Kanye West has always been, if nothing else, willing to share what is on his mind. Fortunately, for both himself and his fans, he is much more than that. Even West himself, with his deep sense of self-importance, cannot manage to overstate his importance to modern hip-hop. In a recent interview with the New York Times, West described his trendsetting power with the claim, “I am the nucleus.” From anyone else, these words would seem like comedic hyperbole, but West’s demeanor and indeed, his entire body of work are so drenched with his trademark unwavering self-confidence that his singular belief in himself seems right, even necessary. West has always been capable of channeling this charismatic intensity into his music, and his albums demand attention much the way the man himself does.
West’s last solo effort, the tremendous “My Beautiful Dark Twisted Fantasy,” is an album characterized by the lush, gorgeous production that has become almost synonymous with his name. It is a work of immediate beauty, easy to enjoy with its elegant strings and ethereal piano. It is West presenting himself to his audience on a magnificent platter of brilliant soundscapes, hoping for the approval of his fans and critics. His most recent release, “Yeezus,” is completely, violently, angrily different. As the name suggests, “Yeezus” is an unrepentant roar of self-affirmation that soars on West’s fervent belief in himself. Where “Fantasy” was the Rapture, “Yeezus” is the Day of Judgment. The album is Kanye at his finest, raw and unfettered, willing to lash out in every direction to make room for his own aggrandizement.
“Yeezus” opens with “On Sight,” immediately striking a different tone from every other Kanye release to date with sharp stabs of fuzzy synths that create a pointillist beat that would feel more at home in a German house club. It is far from a welcoming introduction. Instead, it feels more like a declaration of indifference to the listener’s sensibilities, and in fact, West challenges the listener outright in the bridge of the track, “How much do I not give a fuck? / Let me show you right now before you give it up.” This abruptly gives way to a brief interlude of a sample of the Holy Name of Mary Choral family singing “He’ll Give Us What We Really Need,” before West plunges back into the harsh environment of synths, courtesy of French robots, Daft Punk, who produced the track. In the very first song of the album, West maps the peaks and valleys of the ride to come, swerving from an assaultive house beat to a classically Kanye choir sample.

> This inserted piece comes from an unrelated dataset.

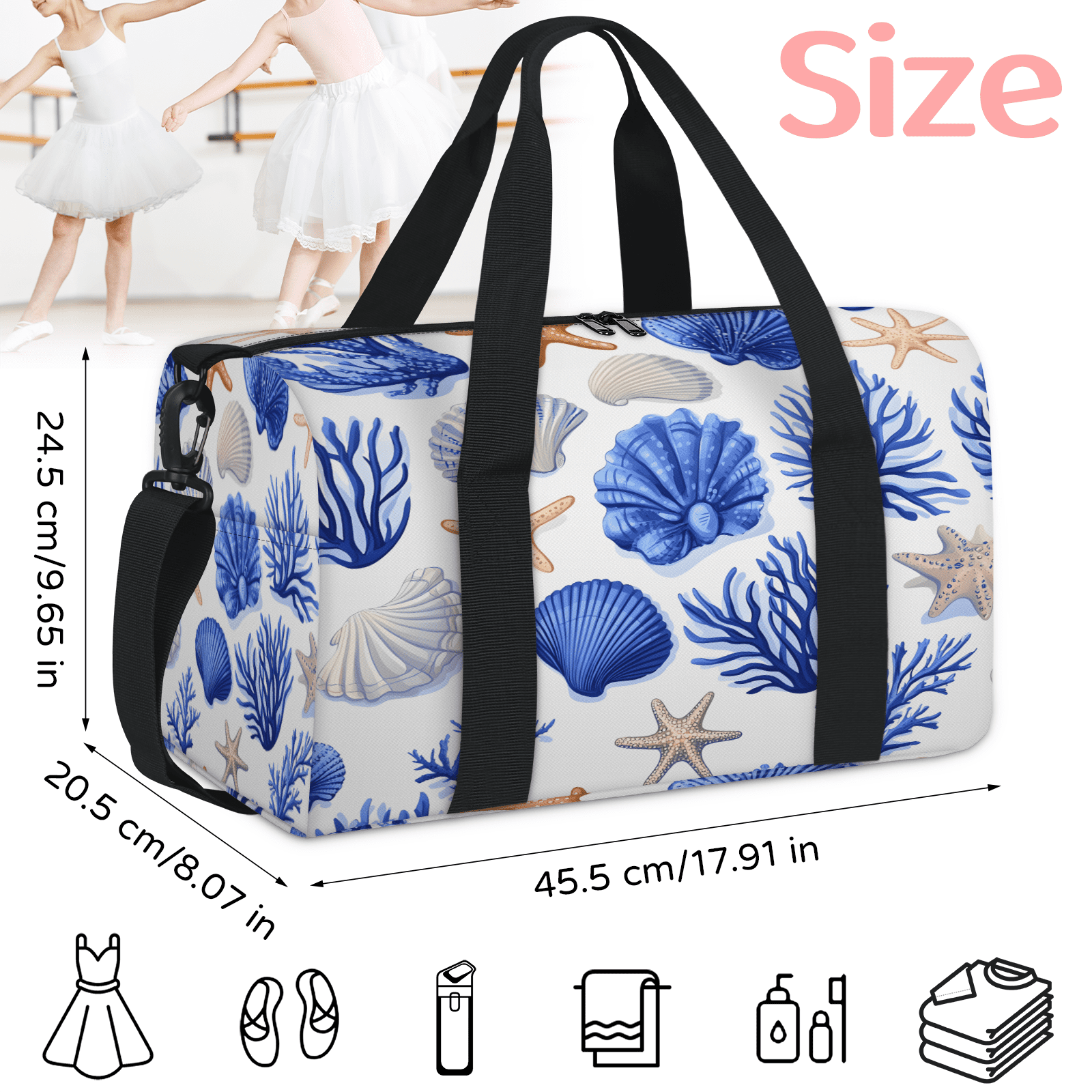 Herdesigns Starfish and Seashells Travel Duffle Bag Sports Yoga Weekender Overnight Carry on Workout Bags Lightweight Waterproof Gym Tote Bag for Women Nautical Coastal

In the opening songs of the album, West builds a pounding momentum that he wields deftly to deliver the G.O.O.D. News of West. The first three tracks are utterly foreign territory for veteran West fans, with primal beats and a jagged roughness to the production. “Black Skinhead” leads with a barrage of deep drums and breathy panting, followed by a similarly relentless vocal onslaught from West, punctuated with shrill shrieks. The first half of “New Slaves” begins in a similar fashion, and just as it begins to feel as if West may have settled into the sound of the album, the outro begins. It is a jubilant moment of light shining through all the darkness that West has built up until this point. Strings sing out alongside Frank Ocean, as an “808s & Heartbreak”-era autotuned Kanye croons, “You cannot survive / And I’m not dying / And I can’t lose / I can’t lose.”
One of Kanye’s greatest talents has always been his ear for samples and featured artists, and “Yeezus” is rife with pitch-perfect selections. “Blood On The Leaves” brings together samples from Nina Simone’s tragically beautiful rendition of “Strange Fruit” and the crushingly heavy “R U Ready” by the trap gods TNGHT, creating a gripping combination. The unlikely but fruitful artistic relationship between Kanye and Justin Vernon of Bon Iver which began when West sampled Bon Iver’s “Woods” for “My Beautiful Dark Twisted Fantasy” continues on “Yeezus.” Three songs, “Hold My Liquor,” “I’m In It,” and “I Am A God,” benefit from Vernon providing haunting vocals to complement the darkness established through the album’s production. Beyond the novelty value of placing Chief Keef alongside Justin Vernon, West’s penchant for experimentation has always served as an important driving force in the continuing development of mainstream hip-hop.
“Yeezus” ends on a high note after West travels through an inferno and purgatory filled with the low thrum of bass and growl of distortion. “Bound 2” is a fantastic return to form, a triumphant reprise of the Kanye of old. The song is a gleeful ballad, dripping with soul using the charming samples, “Bound to fall in love” followed by a cute “Uh huh honey.” “Bound 2” is Kanye at his most romantic, and he delivers the line “One good girl is worth a thousand bitches,” with a sincerity that most R&B crooners can only aspire to.
This release is just that for West—an unrestrained release of raw emotion. The album’s production is not complex, but it is far from simple, as his handful of well chosen elements are all pushed to the maximum. West occupies a uniquely central position in popular culture, but he has never taken that as a reason to reproduce mainstream music. He has always doggedly pursued the music that he believes in most, and his latest album is fearless in his expression and ruthless in its execution. “Yeezus” is Kanye at his best, boldest, least commercial, and above all, most sincere. West’s truest believer is himself, and really, who can blame him?